Task directions
Leaving out the pictures, please reproduce exactly and only the lines from the one that contains "Elton John e" through the last line below.
(Source material)
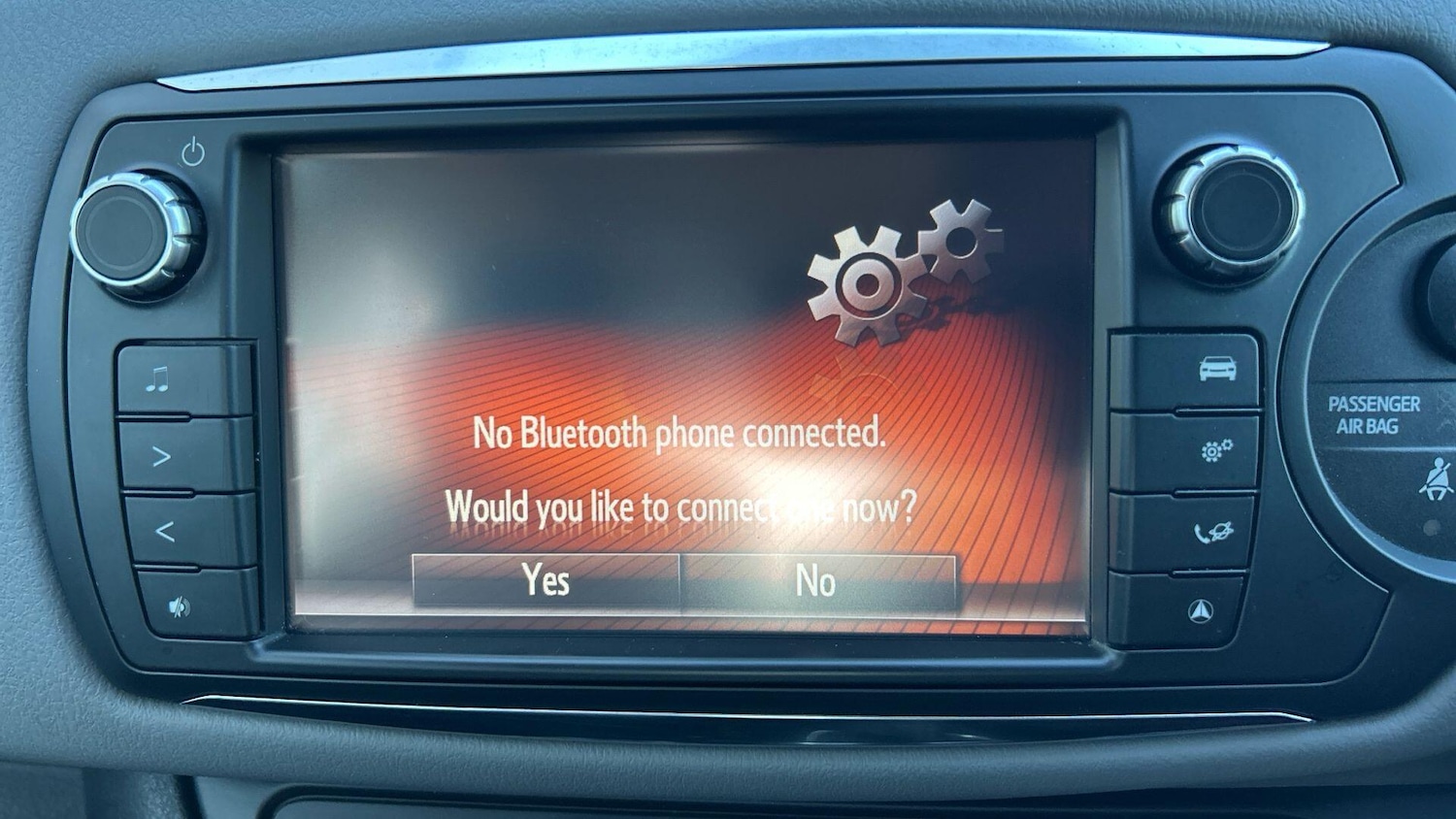 Used Toyota Yaris 2015 for sale - 76607383: Photo 20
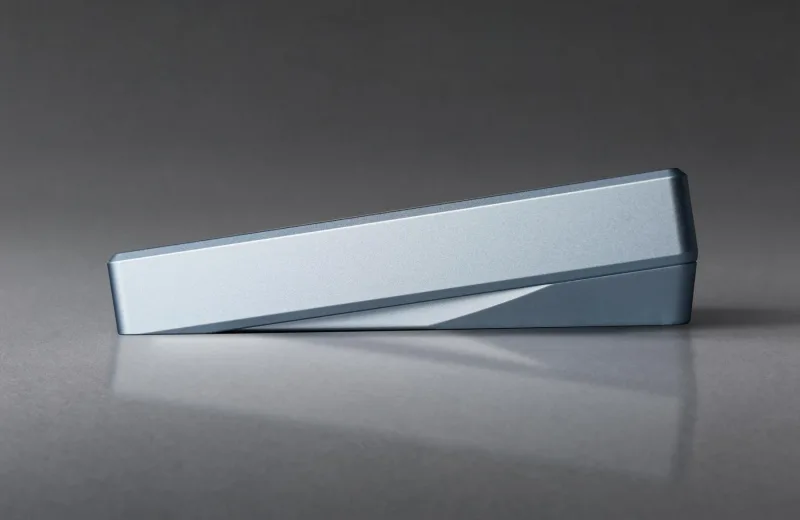 blue_side_e4286c27-93fd-4079-b6ba-ec40398de8ad.webp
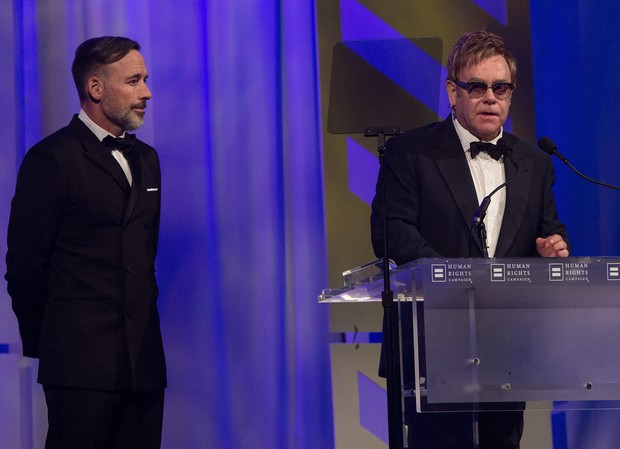 Elton John e David Furnish (Foto: AFP/ Agência)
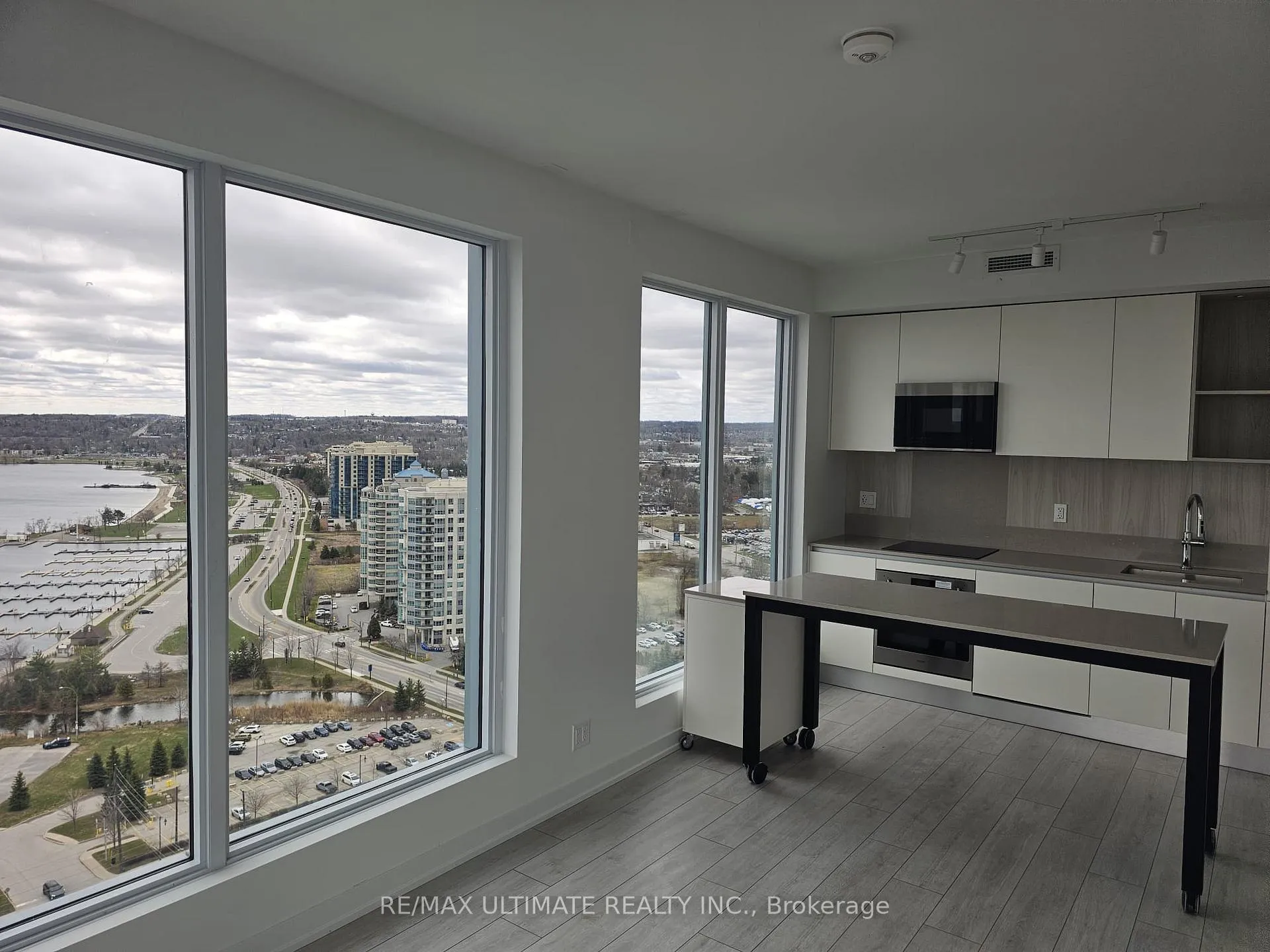 Photo 17 of Unit 2108, 39 Mary Street, Barrie, City Centre — HOMEH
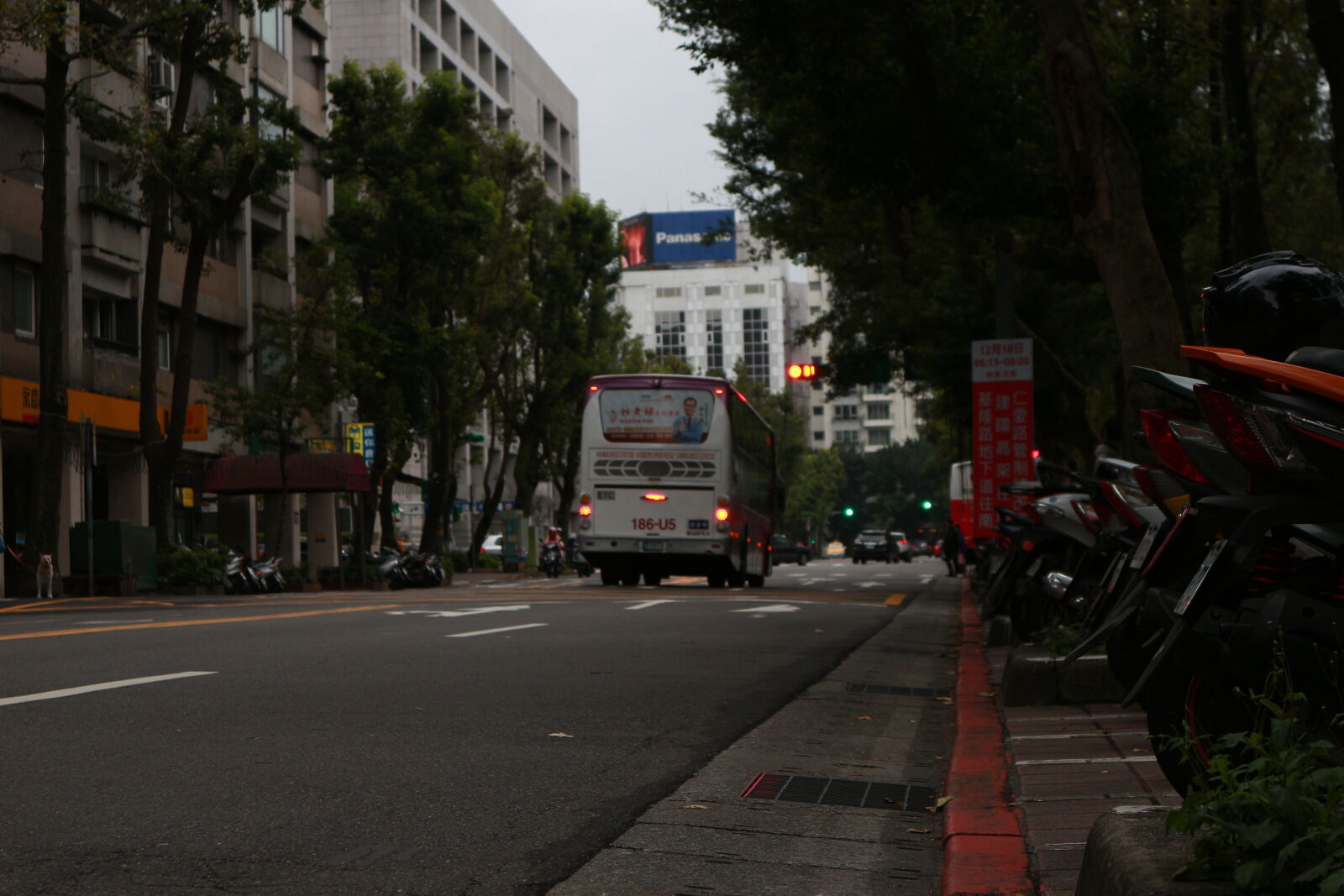 Canon EOS M sample photo. City, street photography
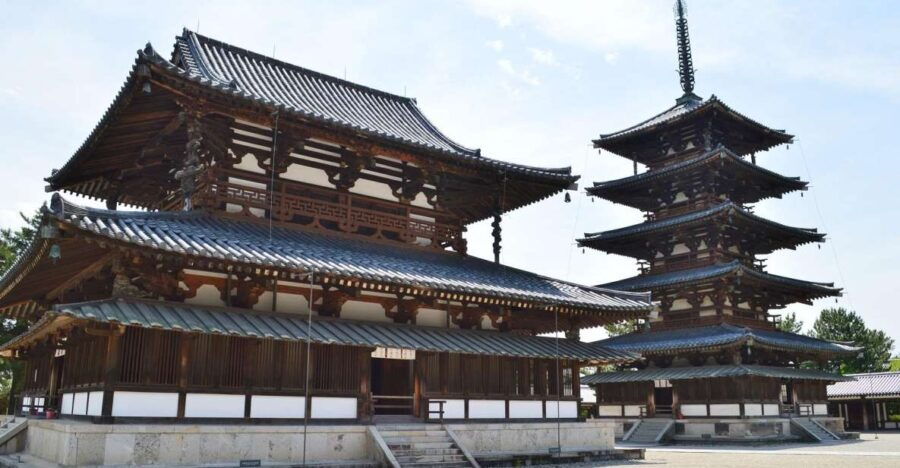 Nara: Horyu-Ji Temple, Treasures of the 7th Century (Italian Guide) - Good To Know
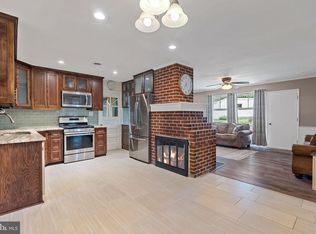 7407 Falmouth St, Springfield, VA 22150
(End Source material)
Solution to the problem
 Elton John e David Furnish (Foto: AFP/ Agência)
 Photo 17 of Unit 2108, 39 Mary Street, Barrie, City Centre — HOMEH
 Canon EOS M sample photo. City, street photography
 Nara: Horyu-Ji Temple, Treasures of the 7th Century (Italian Guide) - Good To Know
 7407 Falmouth St, Springfield, VA 22150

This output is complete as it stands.